■ **Required action**:
Without the images, output every record exactly as it appears.

BEGIN Dataset

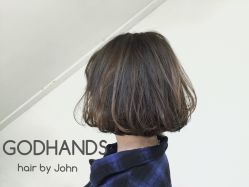 -God Hands发型设计复古会所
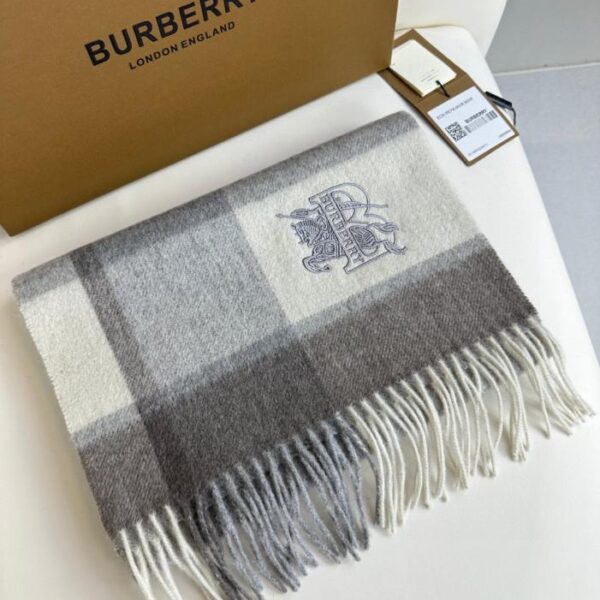 Sito ufficiale Burberry ultimi 100 top cashmere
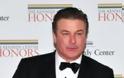 Κατηγορείται για παρενόχληση του Alec Baldwin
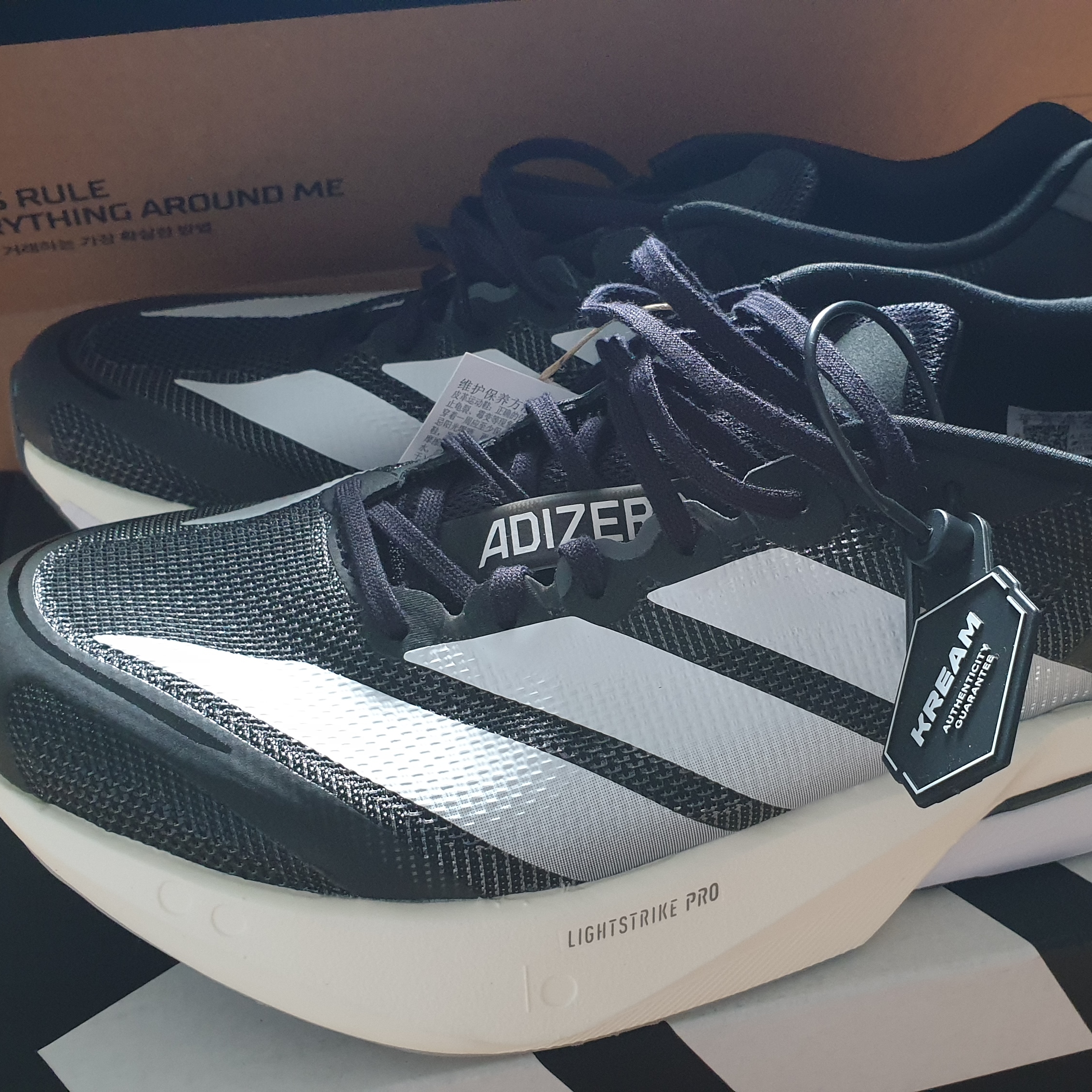 Adidas Adizero Boston 13 Core Black Cloud White 착용 스타일 - 1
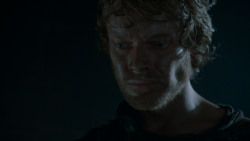 extant_GameOfThrones_4x02-TheLionAndTheRose_1268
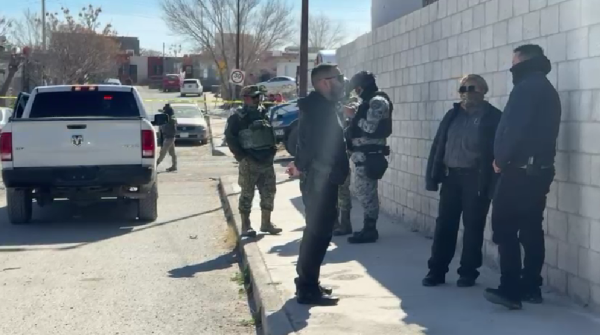 Localizan cuerpo de mujer en patio de vivienda en Portal del Roble II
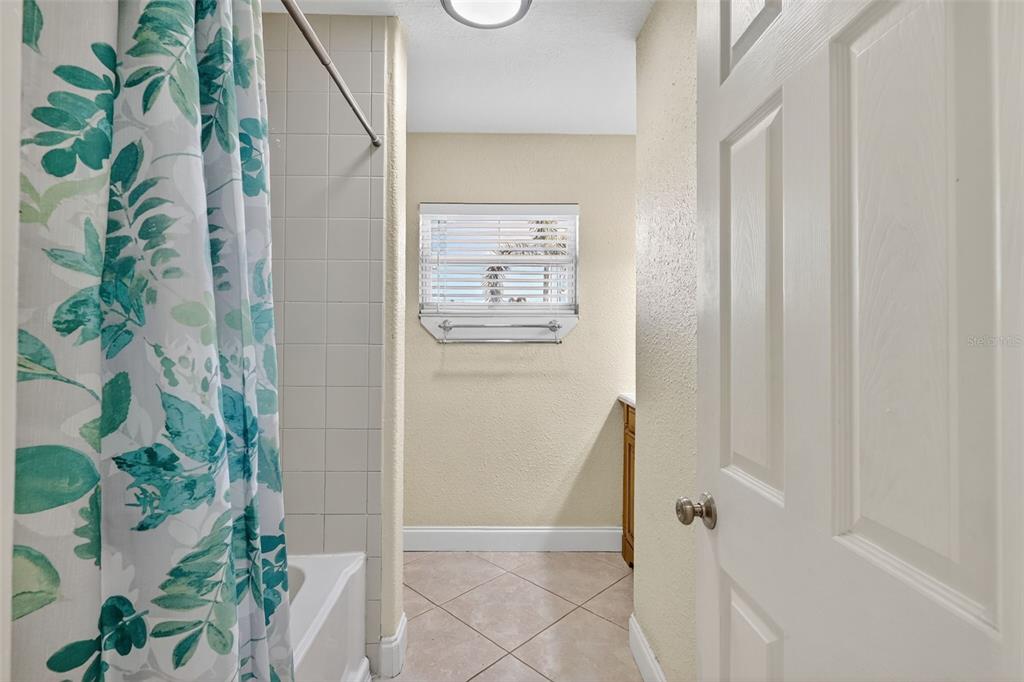 St Petersburg, Florida, 33711, United States, 3 Bedrooms Bedrooms, ,2 BathroomsBathrooms,Residential,For Sale,1989054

END Dataset

■ **Result of the exercise**:
 -God Hands发型设计复古会所
 Sito ufficiale Burberry ultimi 100 top cashmere
 Κατηγορείται για παρενόχληση του Alec Baldwin
 Adidas Adizero Boston 13 Core Black Cloud White 착용 스타일 - 1
 extant_GameOfThrones_4x02-TheLionAndTheRose_1268
 Localizan cuerpo de mujer en patio de vivienda en Portal del Roble II
 St Petersburg, Florida, 33711, United States, 3 Bedrooms Bedrooms, ,2 BathroomsBathrooms,Residential,For Sale,1989054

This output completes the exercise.